Aussi longtemps que Mahmoud Dicko aura un poids dans l’arène politique, les femmes resteront simplement dans l’ombre. L’exemple le plus illustratif est le Mouvement du 5 juin-Rassemblement des forces patriotiques (M5-RFP) dont il est l’ « autorité morale ». En fait, seule Mme Sy Kadiatou Sow— une figure politique de l’ancienne génération que les jeunes veulent éloigner du pouvoir – fait partie du comité stratégique du mouvement hétéroclite. Le reste des femmes sont confondues aux milliers de manifestants anonymes.

Faible poids politique

Si par hasard les chefs religieux, défenseurs prépondérants du patriarcat, ne parviennent pas à empêcher qu’une femme commande  le pays, des questions pourraient toutefois se poser encore: est-ce qu’elle dirige vraiment ? Pour qui ? Qu’est-ce que les femmes y gagnent ? 

De mon point de vue, si une femme devient présidente, le quotidien des femmes maliennes pourrait rester le même. Cela n’est pas seulement lié au fait que la plupart des femmes leaders politiques n’ont pas pour priorité l’émancipation des femmes et la lutte contre les inégalités. C’est aussi parce que leur engagement politique semble plutôt refléter celui de leurs homologues masculins. Et lorsque les donateurs l’exigent, elles peuvent faire des discours sur le rôle de « mère » des femmes et « piliers » de la société, mais pas plus. Ainsi, les ferventes défenseuses des droits de la femme sont souvent limitées dans la société civile qui lutte contre les violences basées sur le genre VBG et ont un faible poids dans la politique ou la gouvernance.

Lutter contre les VBG 

Une autre raison pour laquelle la préoccupation des femmes ne figurerait pas en tête de l’agenda d’une femme présidente peut être attribuée au fait que la plupart des femmes maliennes acceptent les normes et croyances sociales et de genre qui tendent à placer les femmes toujours après les hommes. Faisant qu’une femme élue ou nommée pensera toujours qu’elle doit obéir aux hommes, fera taire sa voix et suivra la volonté des hommes et les attentes de la société. Son éducation, ses croyances religieuses et ses antécédents peuvent l’empêcher de faire de l’autonomisation des femmes et de la lutte contre les VBG— en particulier les mutilations génitales féminines qui sont très répandues— une priorité absolue dans un domaine encore dominé par les hommes. 

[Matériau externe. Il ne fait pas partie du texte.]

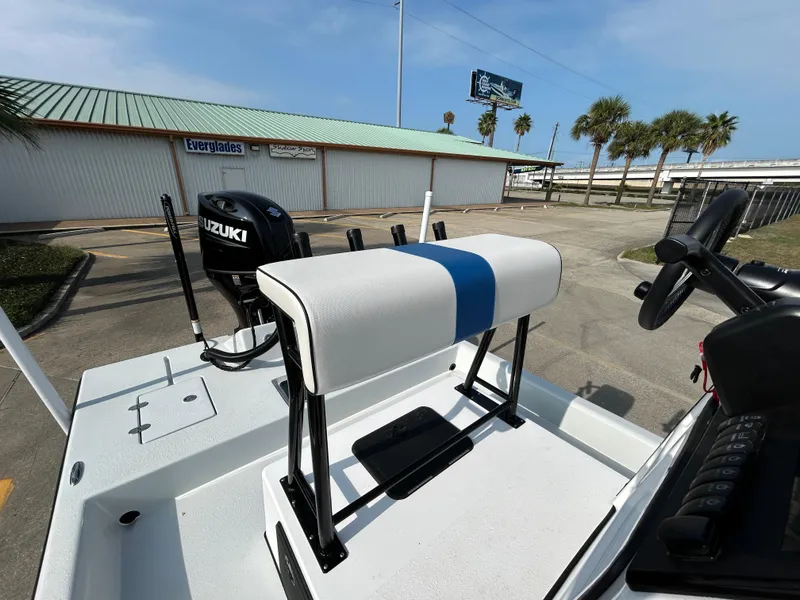 Slide: The Image of Shallow Stalker Cat 204 boat, 2025 model, with Suzuki engine, docked near palm trees. - 16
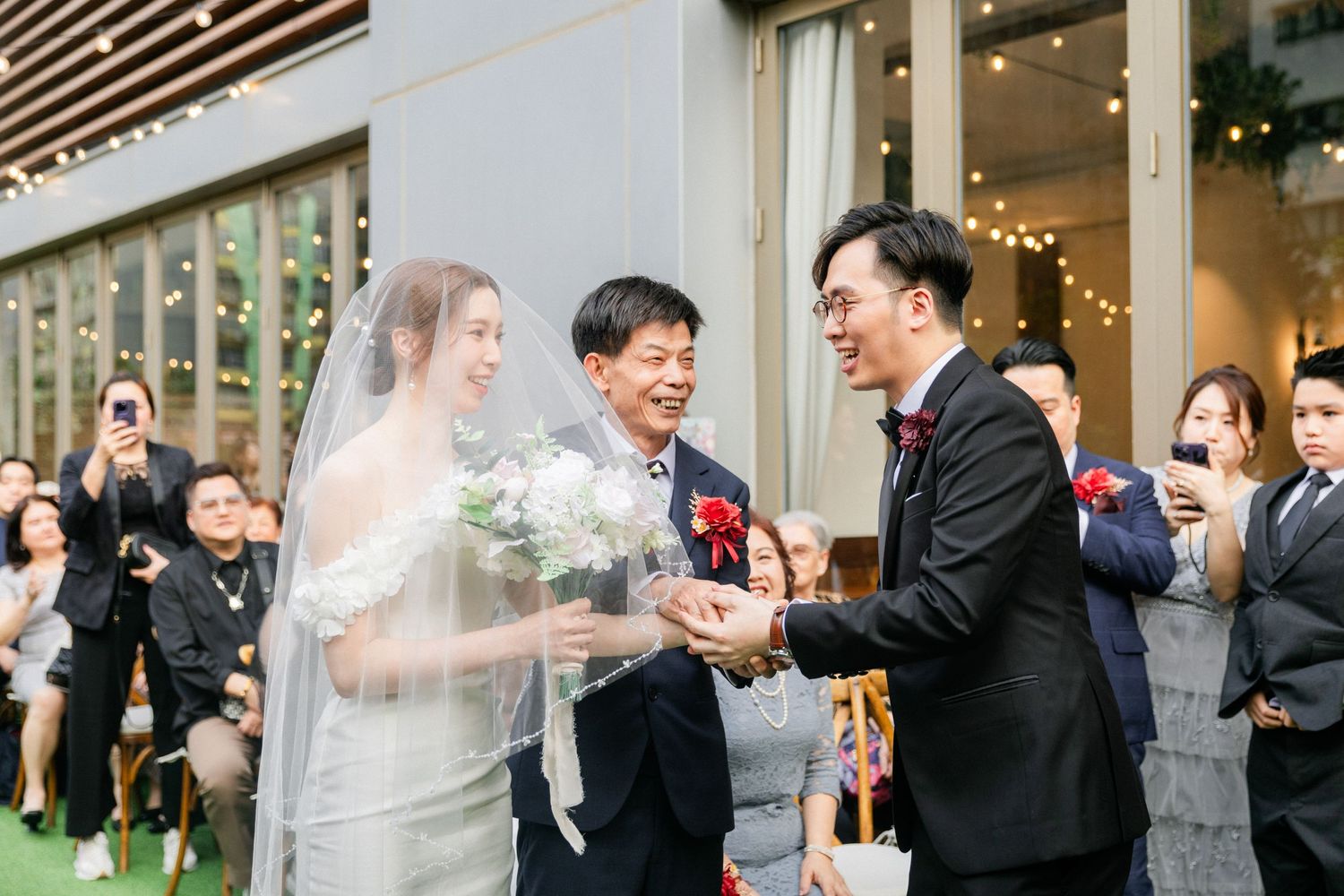 Bride in white veil receives a joyful handshake during an outdoor wedding ceremony surrounded by guests.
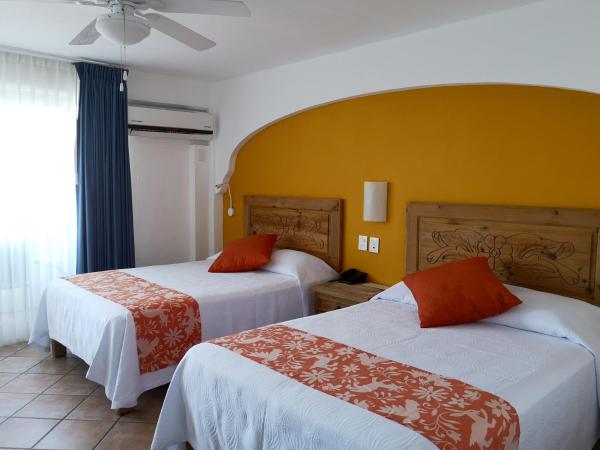 Hotel El Pescador : photo 8 de la chambre chambre double avec 2 lits doubles - vue sur océan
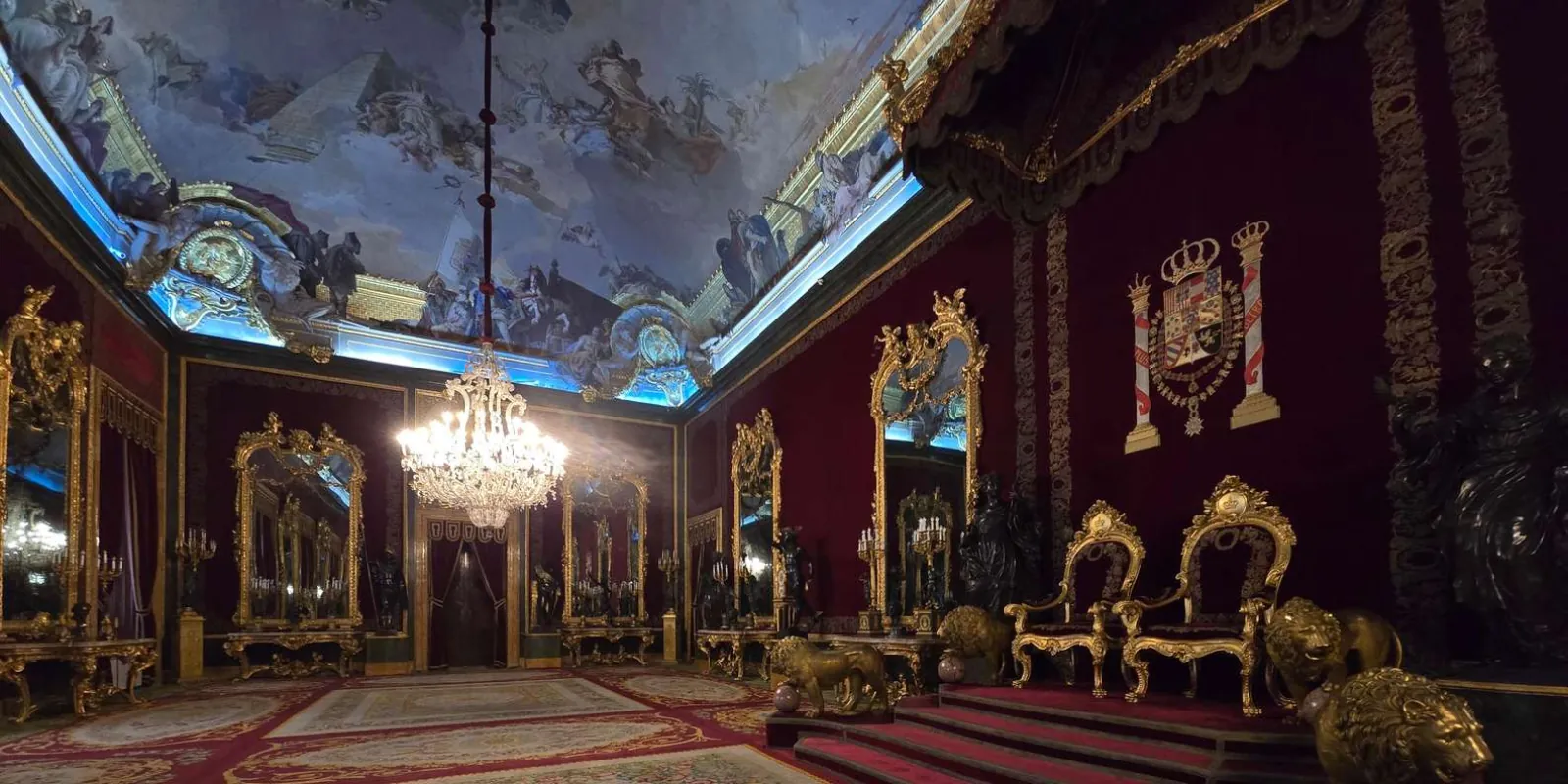Red-walled throne room and ceiling fresco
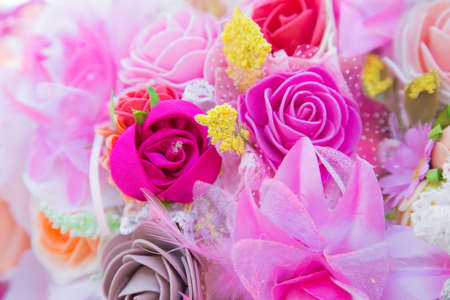 Floral background. Lot of artificial flowers in colorful composition,closeup flowers backgroundの写真素材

Ainsi, une femme présidente devrait être celle qui reconnaît ses privilèges et les désavantages auxquels ses sœurs sont confrontés. Surtout, nous avons besoin d’une femme présidente qui connaisse le tissu social du Mali, les inégalités et les normes de genre qui désavantagent et oppriment les femmes. Une femme présidente, qui voit les femmes maliennes dans toute leur diversité, dans les zones rurales et urbaines, instruites et non instruites, pauvres et riches, mariées et non mariées, réfugiées et survivantes de la guerre, survivantes des VBG et qui les embrasse dans toute leur différence et utilise sa position pour faire progresser le statut de la femme dans un Mali patriarcal.